REQUIRED ACTION
Every line from the first record below down to the line that includes "Take-home messages: First, be" must be reproduced exactly; the pictures are not.

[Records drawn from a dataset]
§

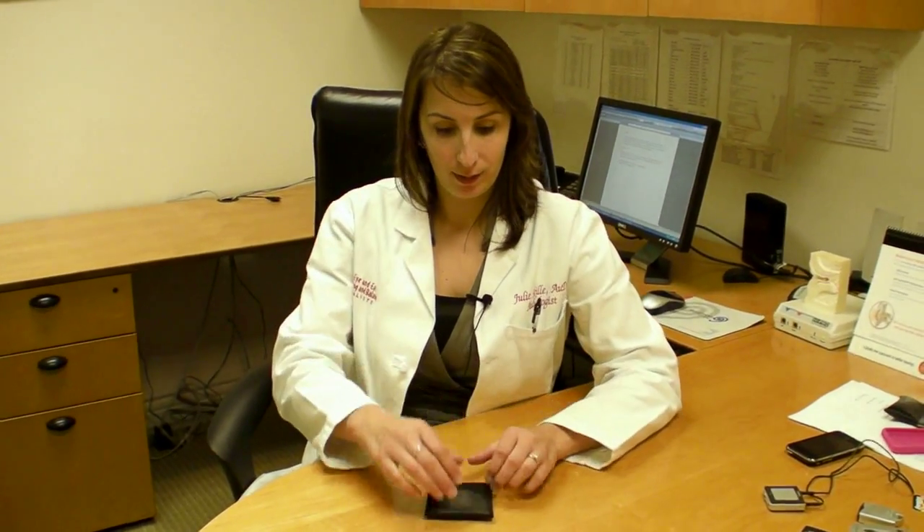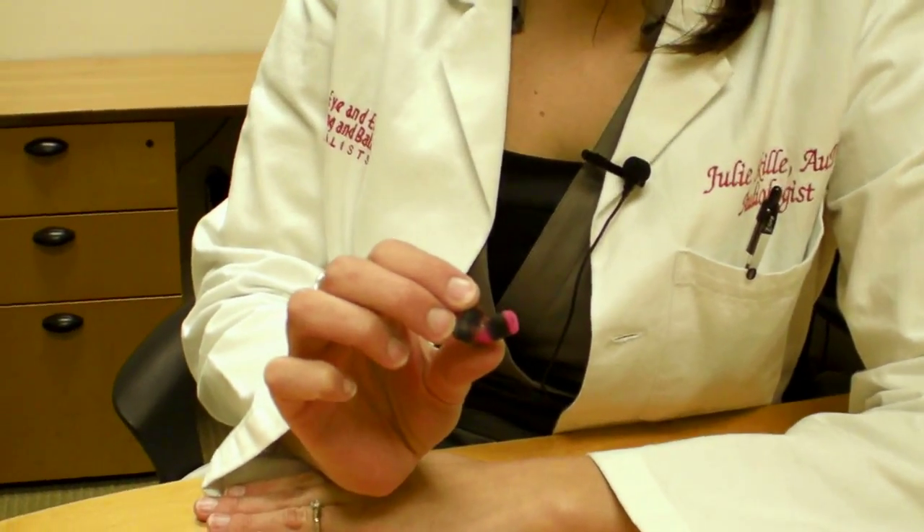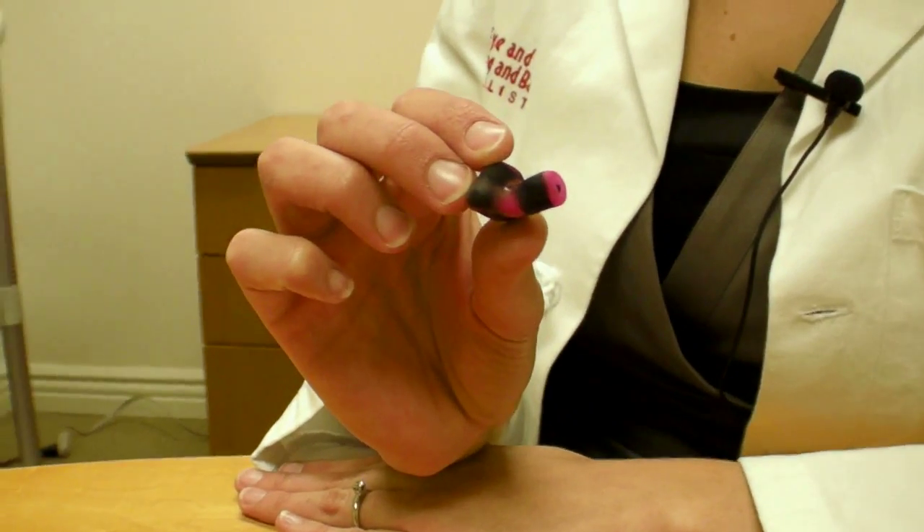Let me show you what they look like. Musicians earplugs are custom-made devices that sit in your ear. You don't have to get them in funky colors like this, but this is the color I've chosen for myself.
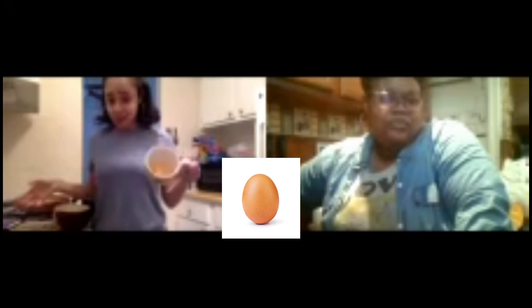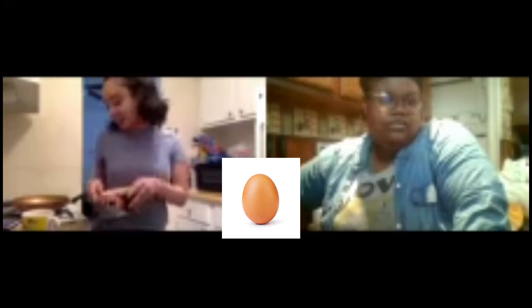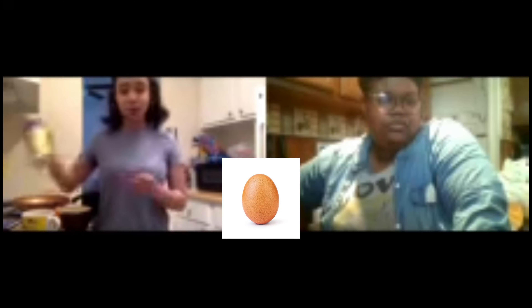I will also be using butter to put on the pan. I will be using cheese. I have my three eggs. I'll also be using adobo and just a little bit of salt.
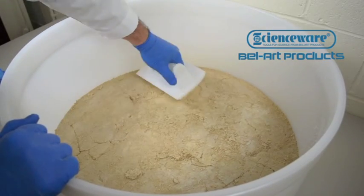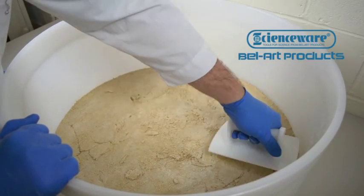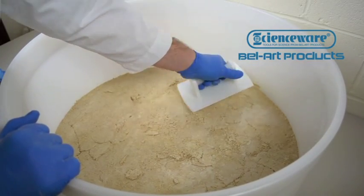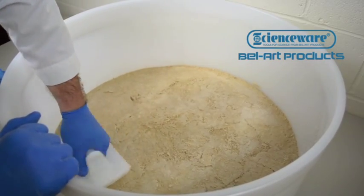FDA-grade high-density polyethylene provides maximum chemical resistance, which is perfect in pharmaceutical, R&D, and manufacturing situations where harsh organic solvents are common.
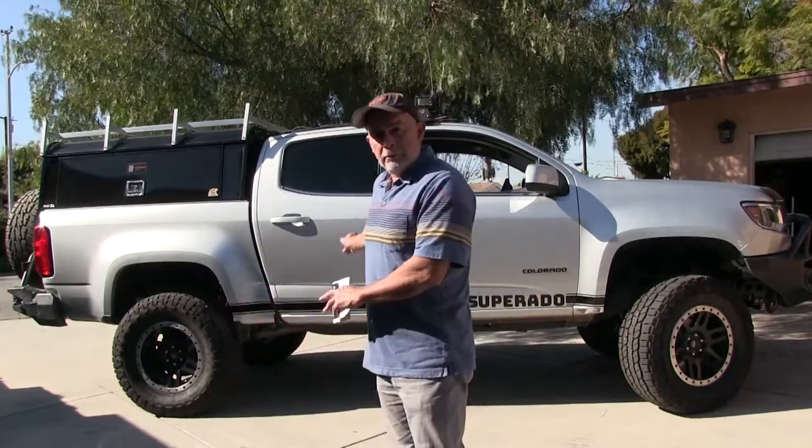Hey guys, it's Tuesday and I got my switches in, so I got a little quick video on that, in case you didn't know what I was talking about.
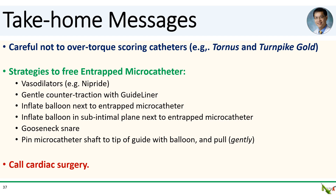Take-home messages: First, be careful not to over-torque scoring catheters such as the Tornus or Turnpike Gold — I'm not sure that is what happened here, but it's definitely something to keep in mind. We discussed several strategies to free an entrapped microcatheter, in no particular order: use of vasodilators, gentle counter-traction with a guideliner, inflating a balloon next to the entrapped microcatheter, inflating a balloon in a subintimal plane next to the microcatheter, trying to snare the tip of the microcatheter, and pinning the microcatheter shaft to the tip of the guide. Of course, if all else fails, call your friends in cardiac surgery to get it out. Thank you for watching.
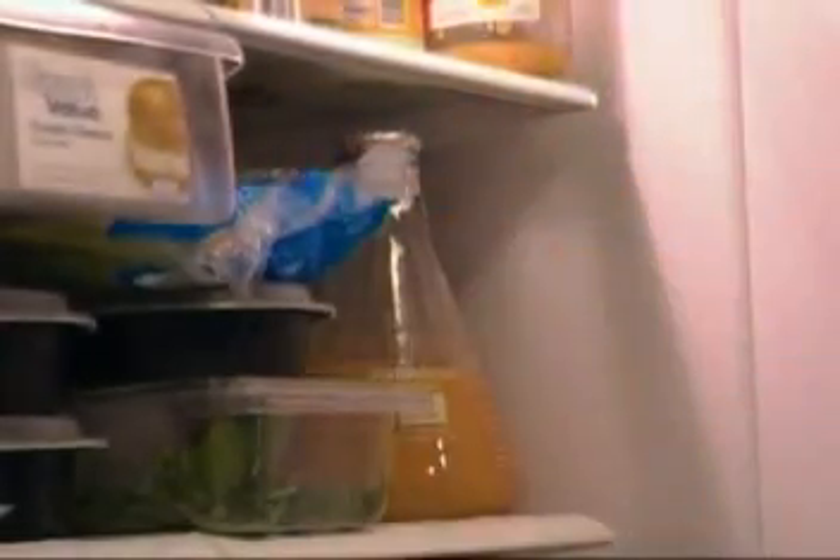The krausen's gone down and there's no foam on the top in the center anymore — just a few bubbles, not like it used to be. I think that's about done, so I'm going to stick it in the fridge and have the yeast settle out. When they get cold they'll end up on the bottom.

§

REPLY
Let me show you what they look like. Musicians earplugs are custom-made devices that sit in your ear. You don't have to get them in funky colors like this, but this is the color I've chosen for myself.
I will also be using butter to put on the pan. I will be using cheese. I have my three eggs. I'll also be using adobo and just a little bit of salt.
FDA-grade high-density polyethylene provides maximum chemical resistance, which is perfect in pharmaceutical, R&D, and manufacturing situations where harsh organic solvents are common.
Hey guys, it's Tuesday and I got my switches in, so I got a little quick video on that, in case you didn't know what I was talking about.
Take-home messages: First, be careful not to over-torque scoring catheters such as the Tornus or Turnpike Gold — I'm not sure that is what happened here, but it's definitely something to keep in mind. We discussed several strategies to free an entrapped microcatheter, in no particular order: use of vasodilators, gentle counter-traction with a guideliner, inflating a balloon next to the entrapped microcatheter, inflating a balloon in a subintimal plane next to the microcatheter, trying to snare the tip of the microcatheter, and pinning the microcatheter shaft to the tip of the guide. Of course, if all else fails, call your friends in cardiac surgery to get it out. Thank you for watching.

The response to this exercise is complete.